Ok, it’s now two days later, and that relay failed MISERABLY. People always use the term “epic failure” to describe something that really wasn’t that epic of a failure, but this really was an epic failure. It had such potential for greatness… such a grand reproduction of World Youth Day… and everything failed spectacularly. We only got through 1½ stations before they just couldn’t concentrate anymore and we all gave up. We didn’t even try it on the second retreat- we just let it go. Note to self: never plan your really good activities right after the girls have a candy-bar/hot chocolate snack break. But it’s ok- the girls had a great retreat without the activity.
So it’s been a pretty good/average week. Yesterday I decided to drive to Sugarland without directions (ok… it was kind of decided for me. I realized when I got on 45 south that I didn’t have them.) So I made it there with VERY LITTLE trouble (made ONE wrong turn, figured it out within 5 minutes, and turned around.) but on the way back I wasn’t thinking and I took 59 South instead of 59 North. Basically, I was headed for Corpus Christi. We figured THAT out within 15 minutes… but it still was not that bad considering how lost we’ve gotten in the past. Lindsey gave me a GPS today and I almost cried with joy.
Speaking of Texas highways… here’s a joke Fr. Hugh told in Mass this morning (it’s funnier if you drive here.)

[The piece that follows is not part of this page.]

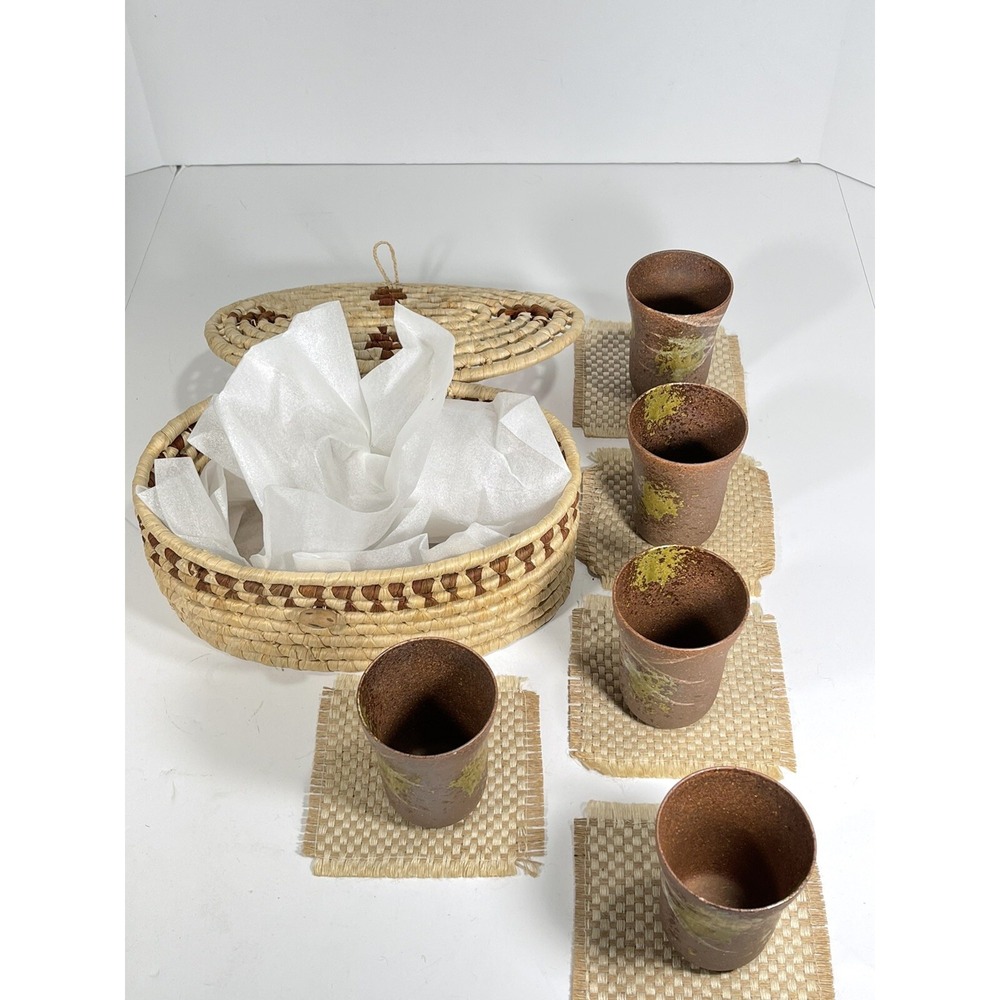 Asian Tea Sewing Basket + 5 Handmade Stoneware Teacups + Coasters vintage unique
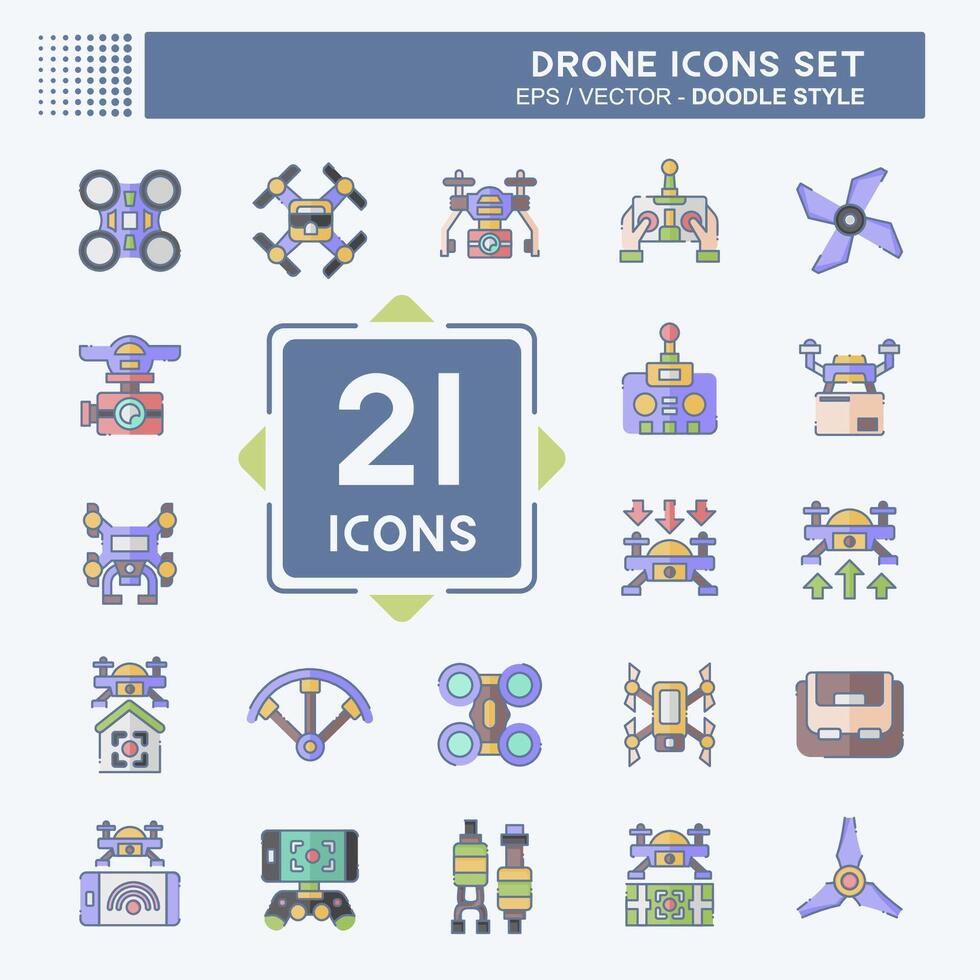 Icon Set Drone. related to Technology symbol. doodle style. simple design illustration Stock Free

There was a van full of nuns driving down 45 really slowly. A policeman pulled them over and said to the nun driving, “Sister, you’re going too slow. That’s really dangerous and you need to get up to the speed of traffic.” The sister turned to him and said, “Officer, I’m driving the speed limit” and points to the sign that says “45”. He laughs and answers, “No, that’s the highway you’re on. The speed limit is 65.” Then, he noticed the sisters crammed in the back were white and shaking. “What’s wrong, sisters?” he asked them. One of them answered, shaking, “We just got off of 610.”
Anyway, Tonight Prince of Peace is having an integration/apostolic project we get to go to! We’re watching Juno, carving pumpkins, and making homemade pizzas… and I’m really excited. Sounds like something we would do back home. Lindsey and Angie left again this morning- Lindsey for Dallas and Angie to visit her family in RI… so it’s just the coworkers!
I LOVE YOU AND CANT WAIT FOR DECEMBER 18th!